* [DATASET RECORDS]:
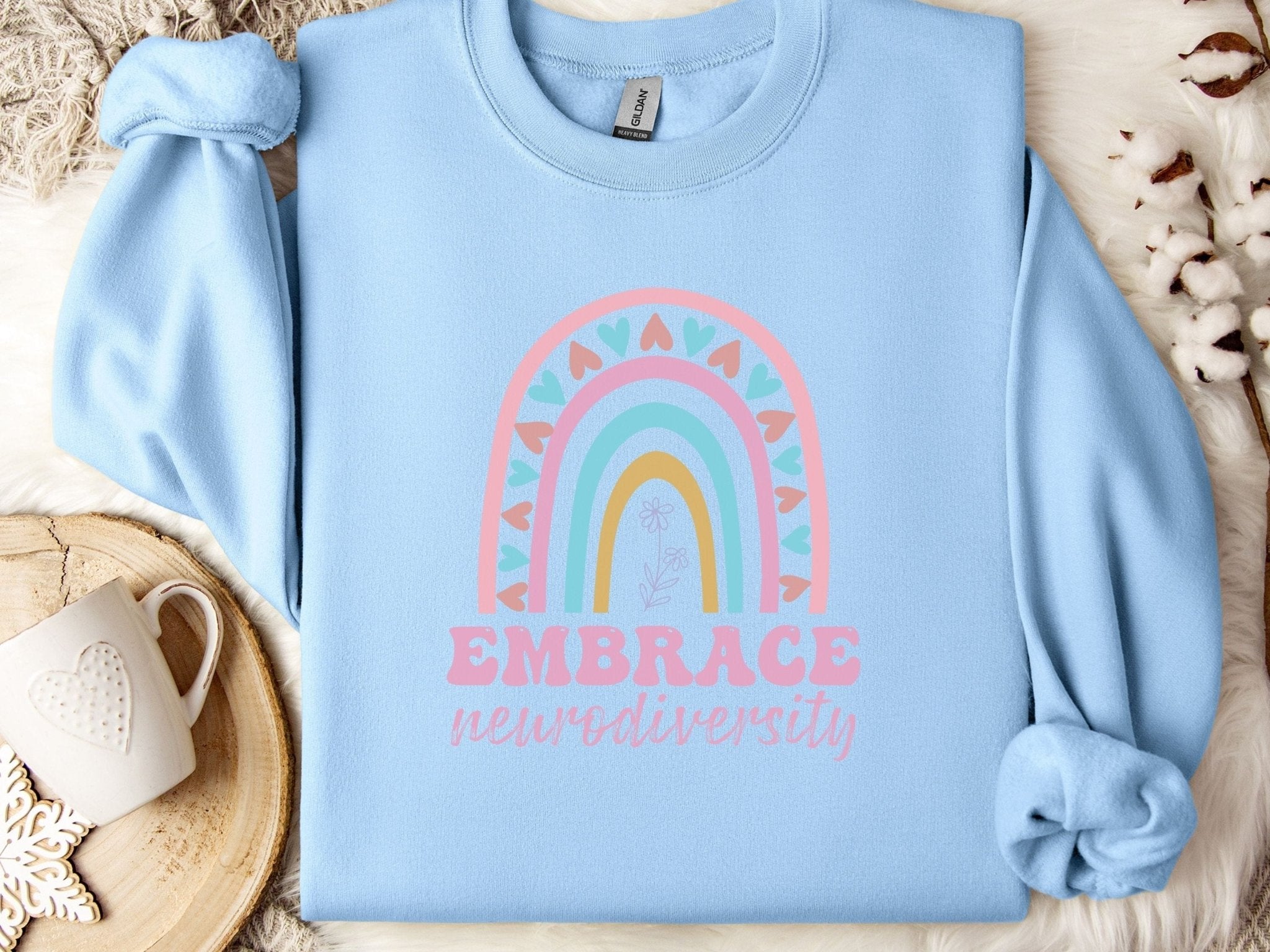 Autism Sweatshirt - Embrace Neurodiversity Sweatshirt - Daily Bloom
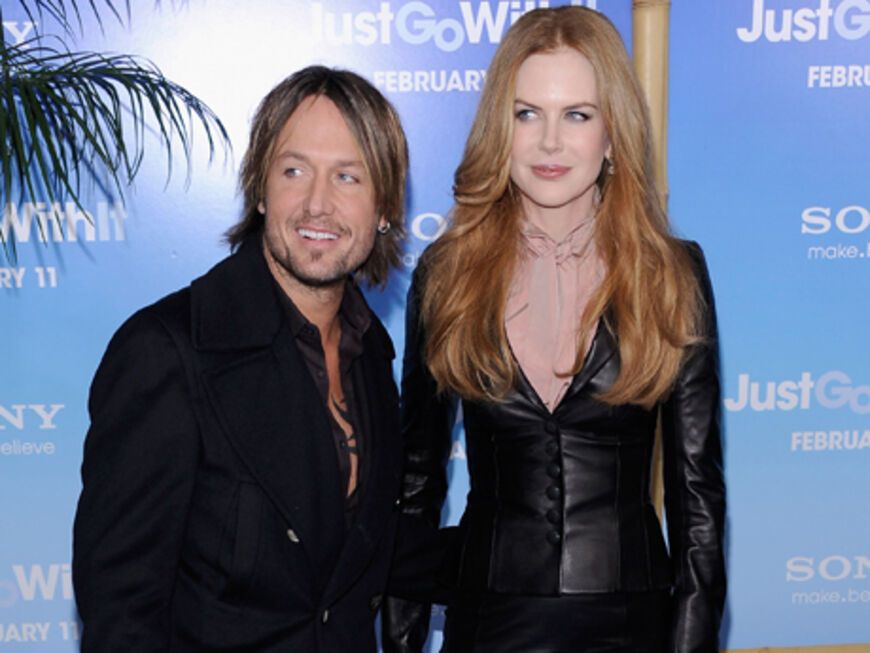 Nicole Kidman brachte ihren Ehemann Keith Urban mit zu ihrer Filmpremiere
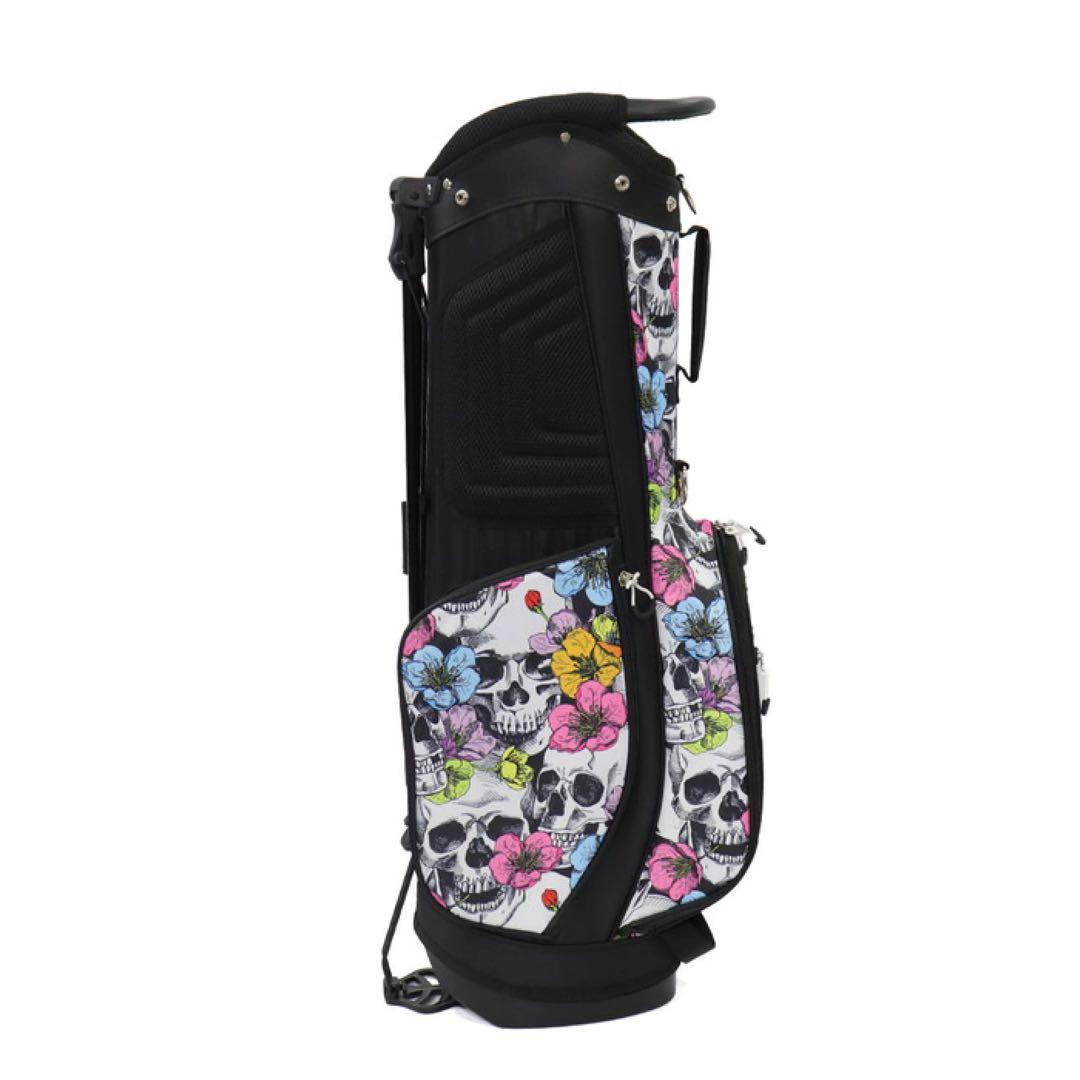 【新品】ラウドマウス キャディバッグ 8.5型 スカルフラワーズ 151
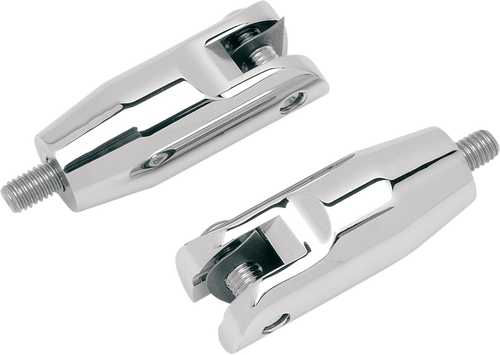 Rear Footpeg Mount - Chrome - FLHT 93+
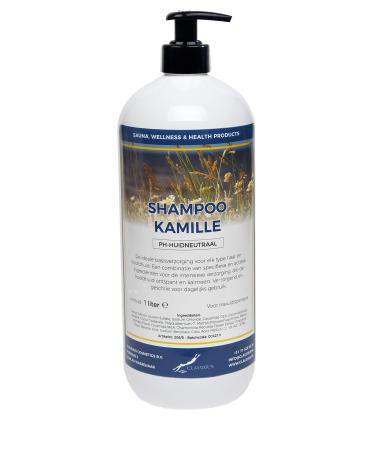 Claudius Shampoo Chamomile 1 Liter with free pomp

* [EXERCISE REQUIREMENTS]: Starting at the line with "Nicole Kidman brachte" and stopping at the final line of the material, reproduce each line exactly, both ends included. Leave the pictures out.

* [SOLUTION]:
 Nicole Kidman brachte ihren Ehemann Keith Urban mit zu ihrer Filmpremiere
 【新品】ラウドマウス キャディバッグ 8.5型 スカルフラワーズ 151
 Rear Footpeg Mount - Chrome - FLHT 93+
 Claudius Shampoo Chamomile 1 Liter with free pomp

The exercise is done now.